▶ _Task directions_: Leaving the pictures aside, return all of the data below exactly.

▶ _Listed entries_:
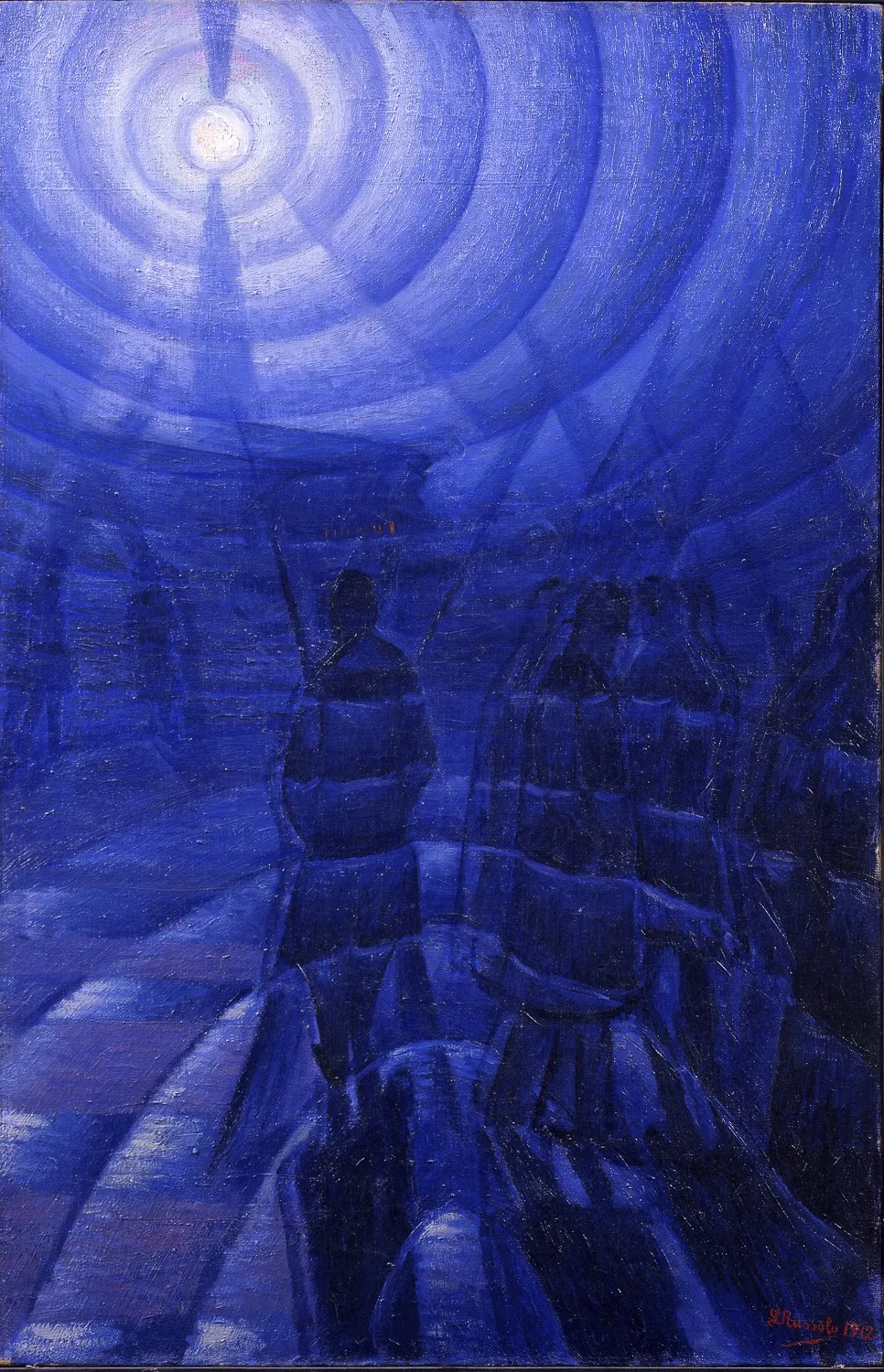 Луиджи Руссоло. Плотность тумана. 1912. Холст, масло. Коллекция Джанни Маттиоли, Милан.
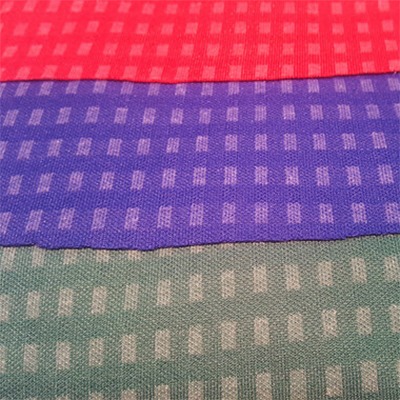 Double Jerssy Interlock Check Knited Fabrics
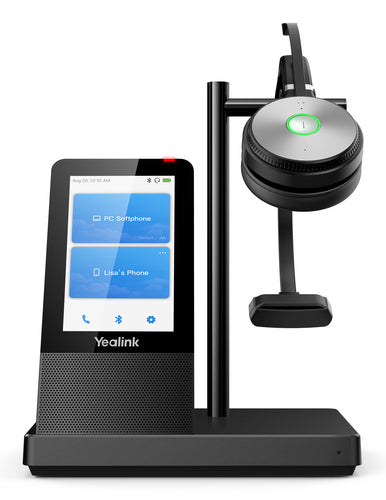 Yealink Dect Wireless (Wh66) Uc Mono Headset , 4" Touch Screen Base , Speakerphone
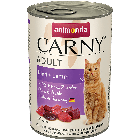 Консервы CARNY ADULT с говядиной и ягнёнком для взрослых кошек (400 гр.)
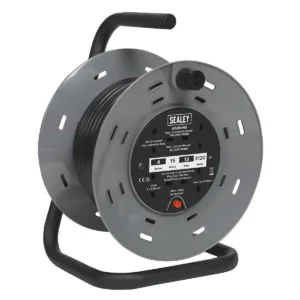 15m Cable Reel with Thermal Trip 4 x 230V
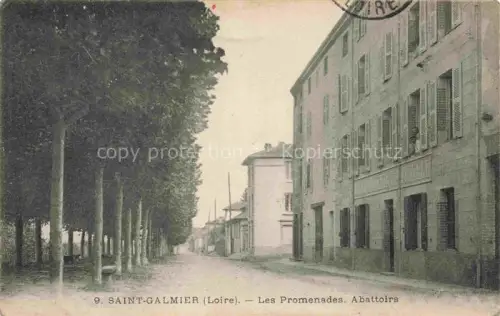 AK / Ansichtskarte Saint-Galmier Montbrison 42 Loire Les Promenades Abattoirs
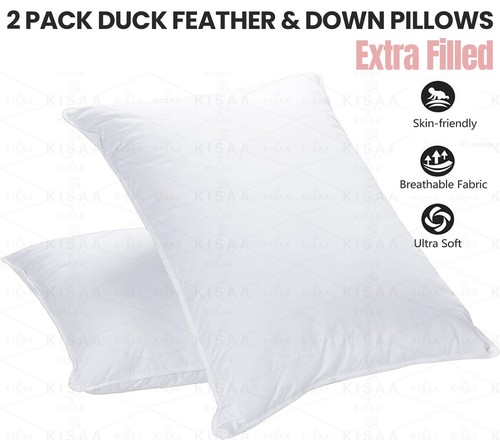 Duck feather down pillows - duck,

▶ _Solution_:
 Луиджи Руссоло. Плотность тумана. 1912. Холст, масло. Коллекция Джанни Маттиоли, Милан.
 Double Jerssy Interlock Check Knited Fabrics
 Yealink Dect Wireless (Wh66) Uc Mono Headset , 4" Touch Screen Base , Speakerphone
 Консервы CARNY ADULT с говядиной и ягнёнком для взрослых кошек (400 гр.)
 15m Cable Reel with Thermal Trip 4 x 230V
 AK / Ansichtskarte Saint-Galmier Montbrison 42 Loire Les Promenades Abattoirs
 Duck feather down pillows - duck,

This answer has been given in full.